This is very similar to my "at least" which is very different than "at most". In requirements we wouldn't bound ourselves like that. We wouldn't say our system should run for at most 8 hours. We'd say it should run for at least 8 hours. However, we won't say what happens after 8 hours because we don't test it (it's not a requirement). We may communicate to the operators that the system should be rebooted after some period of time if there's a known or anticipated issue, or we may include a soft boot to reset things. For many of our systems, their operating time is usually under 12 hours (they go on aircraft that don't fly for days at a time, mostly), so we never test anything past about 48 hours anyways. If there's an issue that arises around 96 hours, we'd never know from our testing and only know about if an operator pushed it to that limit and recorded the circumstances properly.
1 comments

The Patriot system was originally designed to operate in Europe against Soviet medium- to high-altitude aircraft and cruise missiles traveling at speeds up to about MACH 2 (1500 mph). To avoid detection it was designed to be mobile and operate for only a few hours at one location.
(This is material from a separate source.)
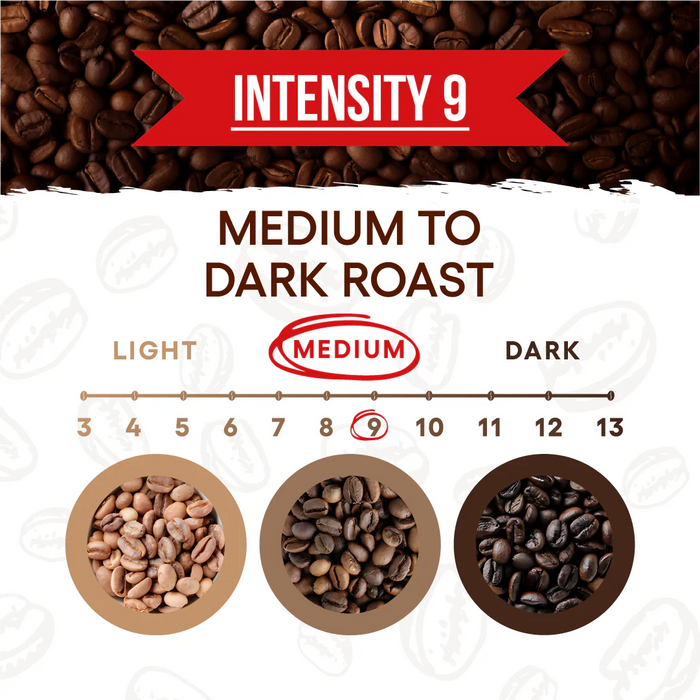 Kimbo Aluminium Nespresso Capsule Arabica Barista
http://archive.gao.gov/t2pbat6/145960.pdf

Page 2

I never did embedded programming or government programming, so what your saying make sense from a spec perspective.

Right, but it didn't say that it was a cap on how long it should work correctly, rather it's a lower bound and also sets the maximum they tested it to. This is a design feature, but not a requirements feature, then, that it required a reboot after less than 8 hours of operations.